-2話
一般の生徒が冬休みを満喫するなか、レインは魔法局インターンシップのため魔法局に通っていた。夏のインターンシップに引き続き、レインは魔法図書管理局で神覚者のソフィナ・ブリビアの下で雑事をこなしていた。業務は多岐に渡ったが、1年生の時からインターンを続けているおかげか、業務は大きなミスをすることもなく、インターンシップはつつがなく進んでいた。
 冬休みも中盤にさしかかった頃のことだ。その日もレインは昼食を早く済ませてしまおうと食堂へ足を運んでいた。魔法局の食堂のメニューは一流シェフが作るだけあって非常に美味しかった。学生に任せていいのか疑問に感じるレベルの激務が続く中でも、食事だけが唯一の救いだった。
食券を買い列に並び、食事を受け取る。
昼食を食べるのに適当な席を探している時、人混みの中に知っている背中を見つけた。肩口まだ伸びた髪越しに肩に手をかける。

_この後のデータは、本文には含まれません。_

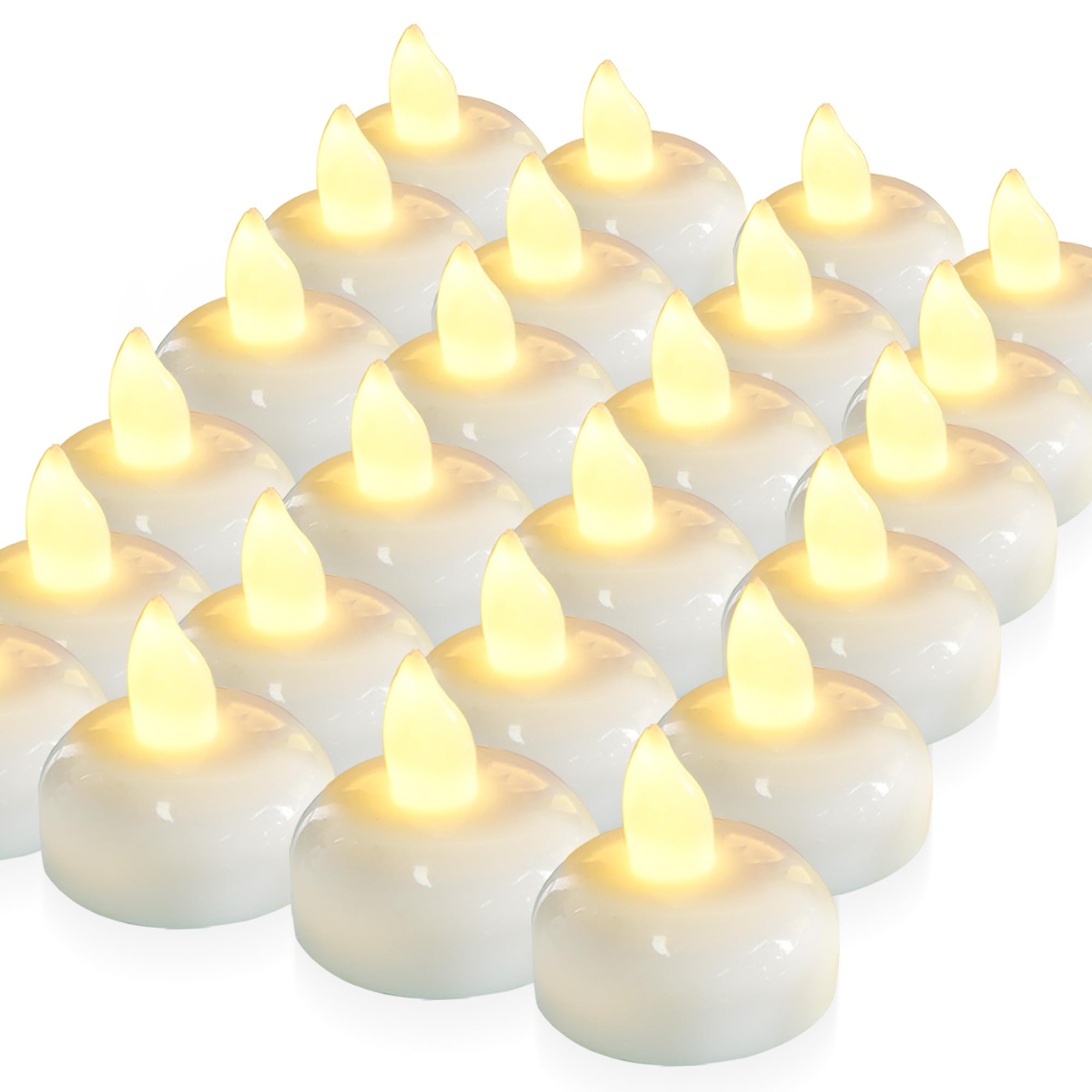 Homemory 24 Pack Waterproof Flameless Floating Tealights, Warm White Battery Flickering Led Tea Lights Candles   Wedding, Party,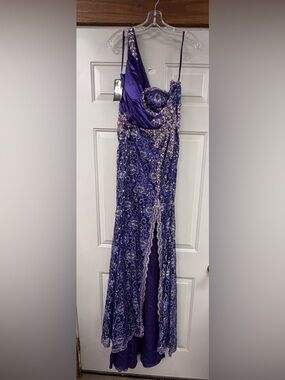 Embellished Purple One-Shoulder Prom Gown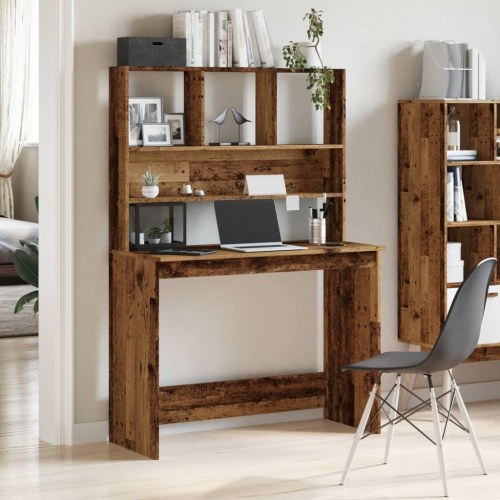 Skrivebord med hylder 102×45×148 cm - konstrueret træ, antikt træ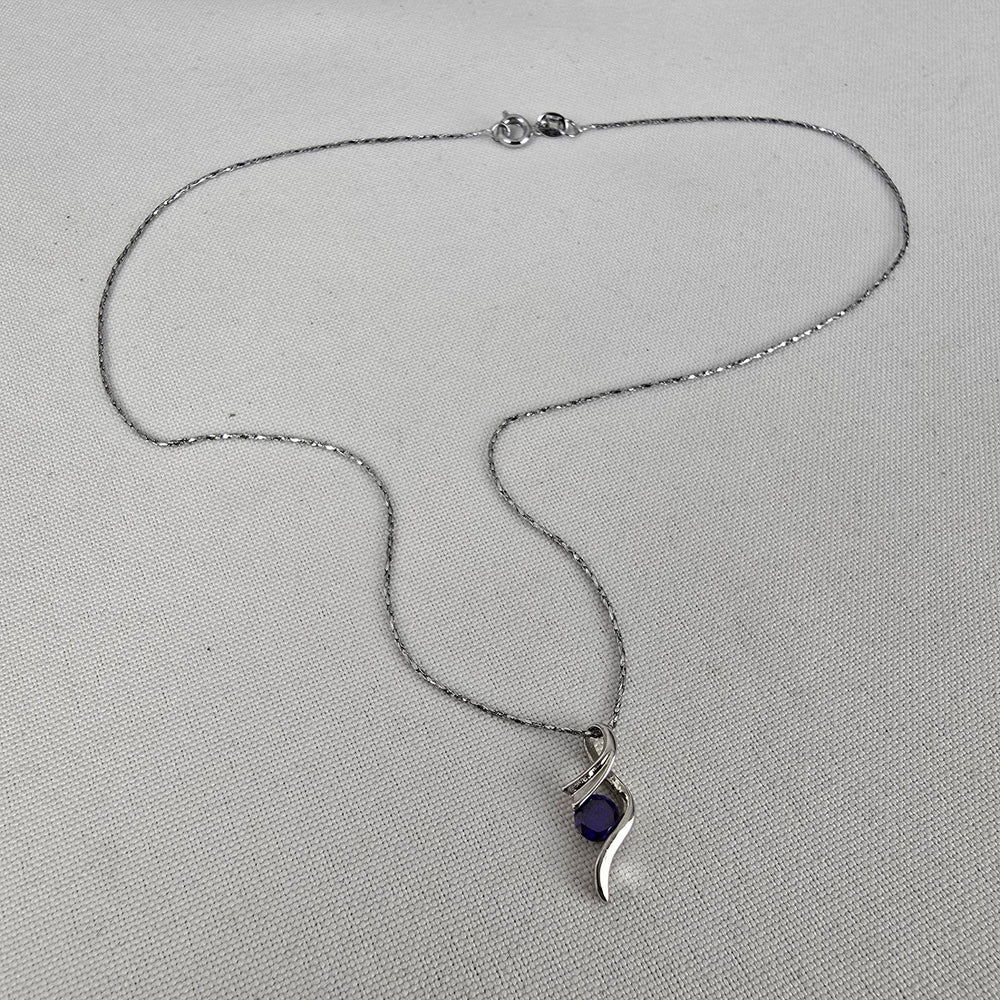 18KGP Silver Tone Blue Gem Stone Delicate Pendant Necklace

「ヨーク」少女が振り向くとマゼンタの瞳がレインをとらえた。
「あれ、レインじゃん。おはよう」
「もう昼だ」そうだったっけ、とシンリーは小首をかしげる。
「お前もインターンか?」
「私があくせく働くわけないじゃない。ただ知り合いを探しにきただけだよ」
 たしかに、インターン中は義務付けられているため制服を着ているレインと違ってシンリーは私服だった。それも、歴史と威厳のある魔法局にはそぐわないかなり大胆な服装をしている。肩を出したシャツワンピースの丈は下着が見えそうなほど短い。制服の時ですら下着が見えるんじゃないかとヒヤヒヤしていたが、このワンピースの丈は、もう少し目線を落とせば見えているに違いない。これは人前に出ていい服装なのだろうか。ファッションに疎いレインにはよくわからなかった。
「せっかく私が帰ってるのに、家に寄り付きもしないでこんなとこで一体なにしてるんだか」
「働いてるんじゃないか」
 腕を組むと胸が強調される。咄嗟に目を逸らす。
 食堂にいるにもかかわらず、仕事中なのだろうか、カトラリーを動かしながら魔法で浮かした書類に目を通し、同僚と今後の仕事について打ち合わせを行う器用な職員が何人も目についた。シンリーの探している人間もあの中の一人にいるのだろうか。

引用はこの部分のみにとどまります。